Si chiama salernity@ il progetto ideato dall'associazione “Buon Vivere – Lo spazio del sentire” per condividere e mostrare l'anima della città. Su proposta del presidente Dario Loffredo, numerosi esponenti del commercio salernitano già da alcuni giorni hanno scelto la piattaforma dei social e lo strumento del video per tenere in vita il legame con i propri clienti, anche in una fase drammatica e dolorosa per la storia del Paese legata al contagio da Coronavirus. Come? “Raccontando i segreti del loro lavoro, offrendo gratuitamente consigli, donando quindi il proprio sapere in vista di una ripresa che non sarà né vicina né semplice, ma che dovrà vedere la comunità salernitana unita”, è l'appello di Loffredo.

L'invito a fare rete “e a trasformare questo tempo di attesa in opportunità” è stato accolto con successo e sono decine i negozianti che stanno aderendo all'iniziativa.

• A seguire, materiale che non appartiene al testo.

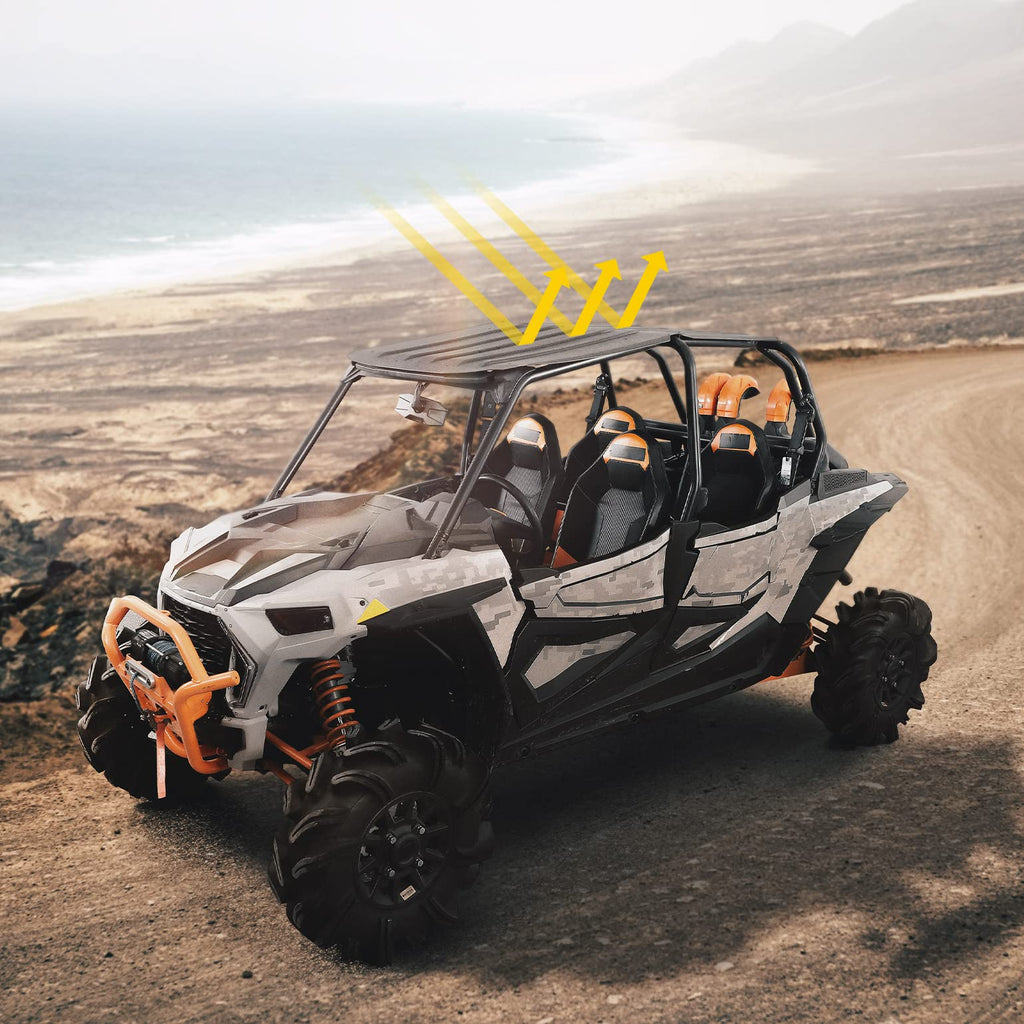 Heavy Duty 4 Doors Hard Roof For Polaris RZR XP 4 1000/ Turbo / S4 – fits Polaris RZR XP Turbo (view 8)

Grazie poi al supporto dell'agenzia di comunicazione A Lab, impegnata, prima nell'emergenza, nella gestione di corsi social per il terziario, la narrazione finora messa in campo attraverso una pagina Instagram dedicata, confluirà su un portale che si propone l'ambizioso obiettivo di fare marketing territoriale per il dopo Covid-19. “Per gli esercenti – continua il presidente – è l'occasione per approfondire le potenzialità dei canali digitali, per conoscersi e farsi conoscere, facendo squadra. Abbiamo lanciato questo progetto con un'immagine fortemente simbolica: le mani che si intrecciano e che si rincorrono di bacheca in bacheca. L’associazione è nata per celebrare una qualità della vita che vogliamo supportare, ancora di più ora, attraverso l’interconnessione dei saperi, che sarà la leva strategica della ripresa. Chi sa dona, e chi vuole può, perché la generosità è una caratteristica dei popoli Mediterrani, che ora più che mai è destinata a diventare centrale nella riscoperta dell’identità. Ringrazio fin da ora tutti i soci, e coloro che a ogni titolo, sapranno prestare la loro faccia, per raccontare la Salerno che amano. Perché con l’orgoglio della proprià citta, riscopriremo nuove geografie dei luoghi”.